(GOAL OF THE EXERCISE): If a line in the records below contains "nbsp", copy that line.

(PROVIDED RECORDS):
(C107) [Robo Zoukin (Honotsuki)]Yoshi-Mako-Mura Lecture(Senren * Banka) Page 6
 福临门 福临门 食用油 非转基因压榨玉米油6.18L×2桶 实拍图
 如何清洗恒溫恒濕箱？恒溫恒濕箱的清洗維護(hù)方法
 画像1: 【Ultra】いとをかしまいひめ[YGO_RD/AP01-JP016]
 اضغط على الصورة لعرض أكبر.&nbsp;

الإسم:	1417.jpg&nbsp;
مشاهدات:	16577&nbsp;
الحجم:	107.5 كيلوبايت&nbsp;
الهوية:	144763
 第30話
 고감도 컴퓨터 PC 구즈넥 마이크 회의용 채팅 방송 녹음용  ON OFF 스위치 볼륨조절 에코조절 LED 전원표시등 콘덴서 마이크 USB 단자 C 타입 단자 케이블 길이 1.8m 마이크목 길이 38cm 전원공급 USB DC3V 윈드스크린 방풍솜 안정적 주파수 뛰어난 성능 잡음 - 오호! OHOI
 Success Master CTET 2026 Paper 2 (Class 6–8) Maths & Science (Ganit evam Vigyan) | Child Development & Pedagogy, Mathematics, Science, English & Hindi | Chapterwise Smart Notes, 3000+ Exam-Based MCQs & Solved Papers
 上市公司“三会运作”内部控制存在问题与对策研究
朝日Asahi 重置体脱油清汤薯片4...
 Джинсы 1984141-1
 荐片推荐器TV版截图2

(SOLUTION FOR THIS TASK):
 اضغط على الصورة لعرض أكبر.&nbsp;
الإسم:	1417.jpg&nbsp;
مشاهدات:	16577&nbsp;
الحجم:	107.5 كيلوبايت&nbsp;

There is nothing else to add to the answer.